В традиционной эстетике Китая хорошо сознавалось значение хаотического (не)единства для истолкования художественного творчества. Достаточно упомянуть об основополагающем для китайской живописи принципе «одного движения кистью», «одной черты» (и хуа), или «одного закона» (и фа). С древности принцип «одной черты» отождествляли с движением («энергией») кисти, соответствующим древнему уставному письму. Древность в данном случае соотносилась, надо полагать, с предбытием «вечнопреемственности сердца». Именно так истолковывал «одно движение кисти» ученый XIII века Дэн Чунь, который писал, что все разнообразие живописных образов и приемов сводится к «одному закону» и этот закон есть «преемствование духа»[156]. На рубеже XVII–XVIII веков художник Шитао разъяснял смысл «единого закона» живописи в следующих словах:
«В незапамятно-древнем нет приемов, и великая целостность не рассеяна. Когда же великая целостность рассеяна, появляются приемы. На чем же основываются приемы? Они основываются на одной черте. Одна черта – исток всего сущего, корень всех явлений. Она раскрывается в жизни духа и хранится человеком. Посему истина одной черты устанавливается нами самими. Постигший истину одной черты может вывести все приемы из отсутствия приемов и постичь одну истину во всех истинах…»[157]

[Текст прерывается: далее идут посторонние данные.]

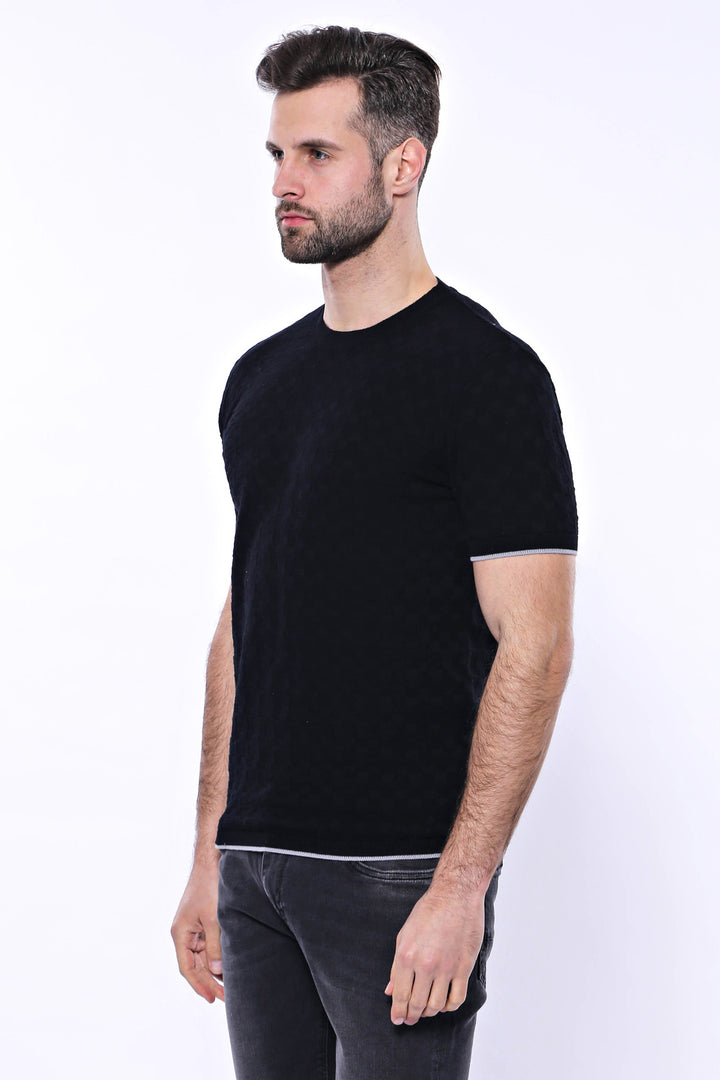 Patterned Tricot Knitted Black Men T-Shirt - Wessi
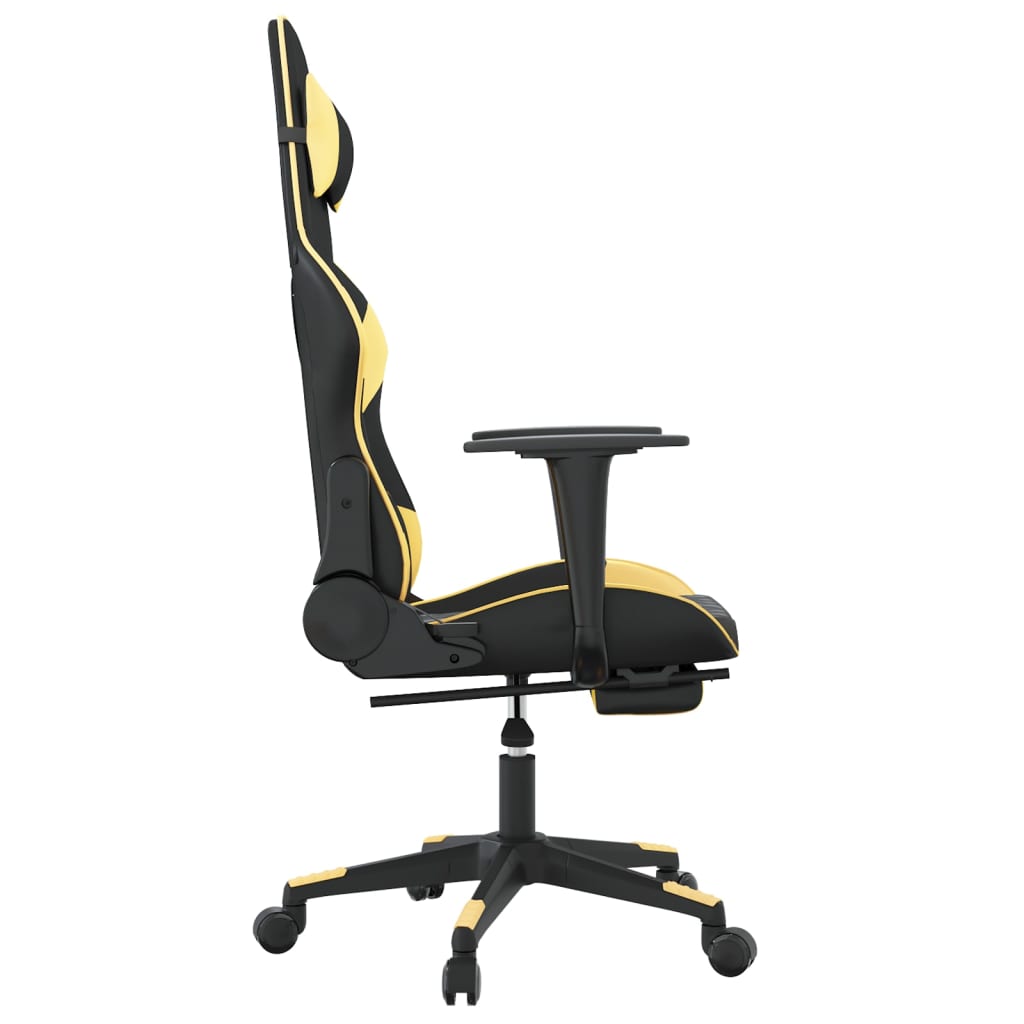 Sedia da Gaming Massaggiante Poggiapiedi Nero e Oro Similpelle cod mxl 68564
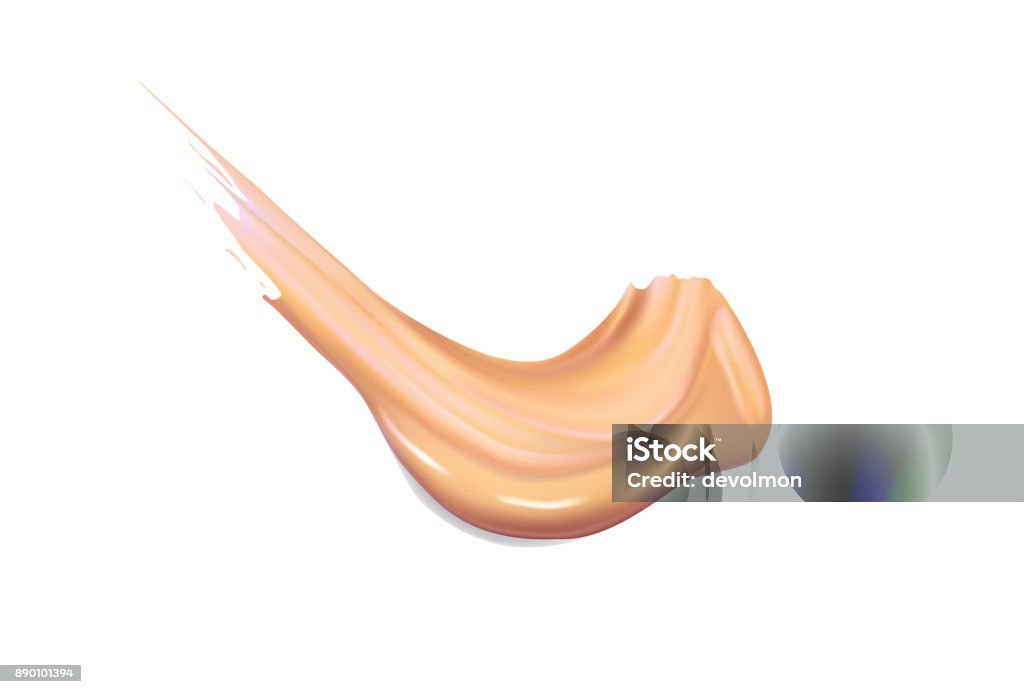 Cosmetic liquid foundation cream smudge smear strokes. Make up smear isolated on white background Cosmetic liquid foundation cream smudge smear strokes. Make up smear isolated on white background. Backgrounds stock vector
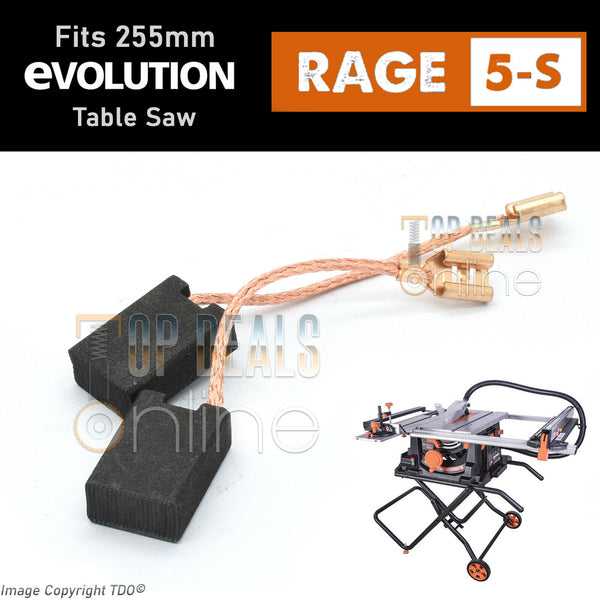 Carbon Brushes for Evolution R255PTS and RAGE 5-S for Multipurpose 255mm Table Saw 1500W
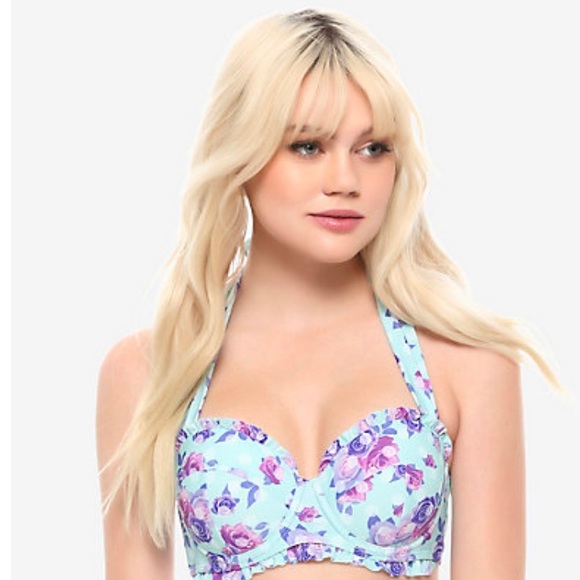 BLUE FLORAL POLKA DOT RUFFLE SWIM TOP Hot Topic - Picture 2 of 5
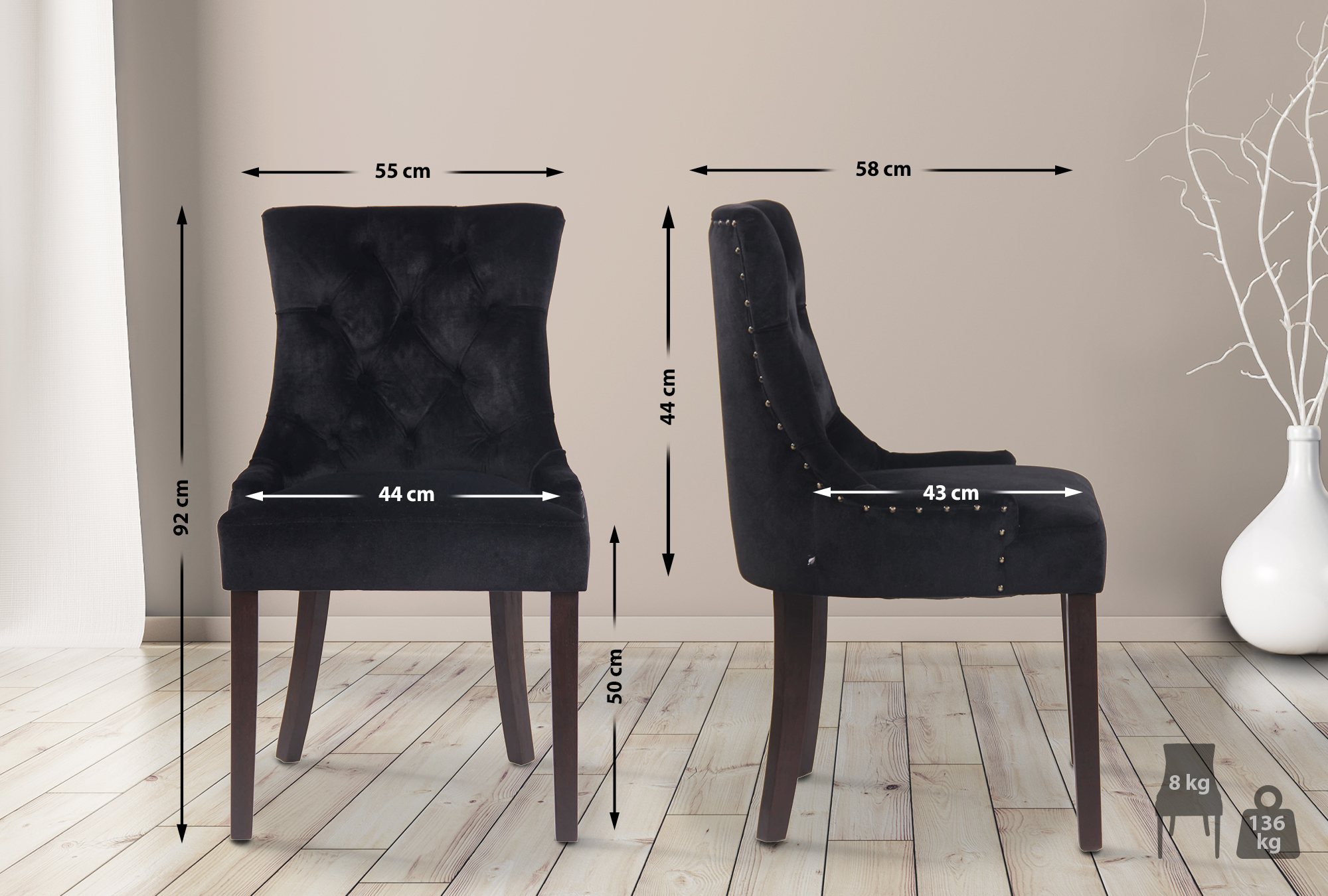 4er Set Esszimmerstühle Aberdeen Samt antik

Созерцать картину нужно так же, как рассматривают письмена: надобно оценить, насколько она «наполненна», «жива» и «правильно поставлена», надо искать в ней «тонкое» и «древнее». Мастер посредством кисти удостоверяет свою волю – вот в чем кроется смысл картины!
Ту ЛунПонятие «одной черты» у Шитао вмещает в себя целую философию искусства. Проведение черты – или явление импульса воли в глубинах мирового Сердца – кладет конец несотворенной целостности Хаоса; оно знаменует творение мира как процесс последовательного разграничения, разделения. В то же время «одна черта» охватывает всю практику живописи в ее вещном бытовании, ибо что же такое живопись, как не проведение линий кистью? Это тем более верно в отношении живописи китайской, которая со временем все более сближалась по своим техническим средствам и приемам с графикой (в китайском языке иероглиф хуа обозначал и черту иероглифа, и рисунок). К примеру, зарисовки бамбука или цветов, выполненные минскими мастерами, являют образец органического единства живописи и каллиграфии.